The fuzzy comprehensive evaluation method (FCE) is a systematic evaluation approach that leverages the principles of fuzzy mathematics to address complex and non-quantifiable issues [8
]. Its comprehensiveness and ability to produce clear outcomes have led to its widespread application in various domains [11
]. Zhu et al. [12
] utilized the FCE in conjunction with the Analytic Hierarchy Process (AHP) to develop a coal burst prediction model for a coal mine in Shanxi Province, resulting in a successful evaluation of the coal burst risk level. Chen et al. [13
] proposed a framework for the evaluation of teaching performance that incorporates both the AHP and FCE, demonstrating the effectiveness, reasonableness, and accuracy of the evaluation results. Guo et al. [14
] employed the FCE in the evaluation of road pavement performance for the Xinglin section of Taihang Mountain Expressway reconstruction and expansion project, providing a quantitative assessment of the old pavement’s performance level through fuzzy mathematical iteration calculations. Wang et al. [15
] developed an improved version of the FCE for the evaluation of desulfurization technology based on the principle of maximum membership degree, and obtained an effective solution. Fuzzy theory is based on the fuzzy set, which is a class of objects with continuous membership levels [16
]. Such a set is represented by a membership (feature) function that assigns each object a membership rank between 0 and 1 [17
]. Fuzzy sets and theory have been applied in many ways. Yang et al. [18
] evaluated the geological environment quality of heavy metal mines in Zhaotong City based on the fuzzy set theory, and divided the evaluation into four grades: excellent, good, common, and inferior, which provided a reference for decision-making of current geological environment protection. In this paper, the groundwater carrying capacity of the mining area was calculated based on the FCE, and the changes in the groundwater carrying capacity and evaluation index membership in the mining area from 2011 to 2020 were analyzed, providing support for the follow-up exploitation and construction of the coal mine.

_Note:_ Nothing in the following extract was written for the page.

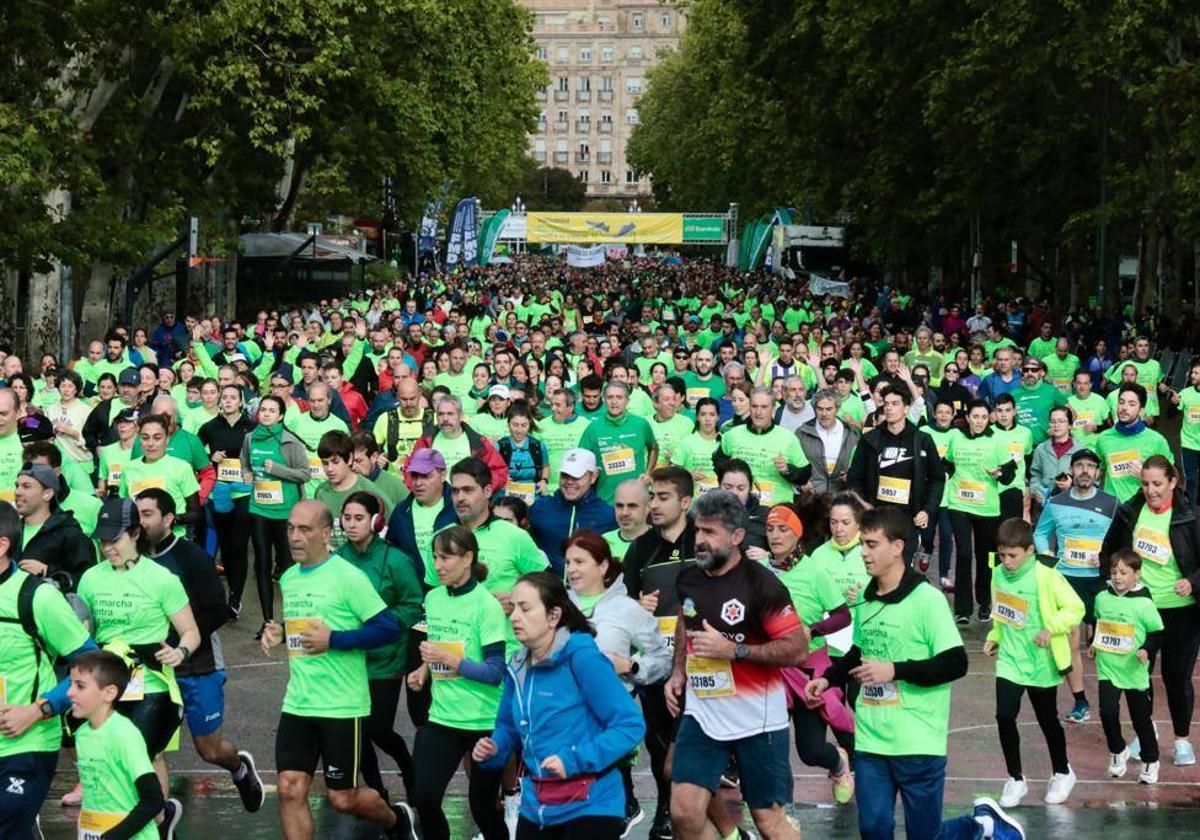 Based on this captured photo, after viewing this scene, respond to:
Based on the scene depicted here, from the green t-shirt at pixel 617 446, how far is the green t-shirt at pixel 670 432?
2.77ft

The accuracy of evaluation results in the FCE critically depends on the proper determination of the weights of the evaluation indicators [19
]. AHP is a decision analysis method which is widely used because of its simplicity and systematism. Compared with other mathematical-based approaches, it combines qualitative and quantitative methods to solve complex multi-objective problems, especially in the allocation of weights [21
]. In addition, AHP can determine the weight by layers and combine subjective and objective factors to make the decision more scientific and reasonable [21
]. Wang et al. [25
] introduced a variable weight factor into the traditional AHP process and presented a novel and improved weight distribution technique. The finding indicates that the AHP method is effective in managing the dynamic interactions between indicators. Guo et al. [26
] proposed a social vulnerability assessment model based on the rough AHP method, where the standard weights were established using the rough AHP process and the social vulnerability of different regions was evaluated. Zhu et al. [27
] utilized the AHP and life cycle assessment methods to rank the evaluation indicators and examine the assessment methods of public and some rural toilets from design to decommissioning, thereby enhancing the comprehensiveness of toilet evaluation under varying conditions. This study adopts the AHP method to determine the weights of the indicators for evaluating groundwater carrying capacity, thereby ensuring the accuracy of carrying capacity computation.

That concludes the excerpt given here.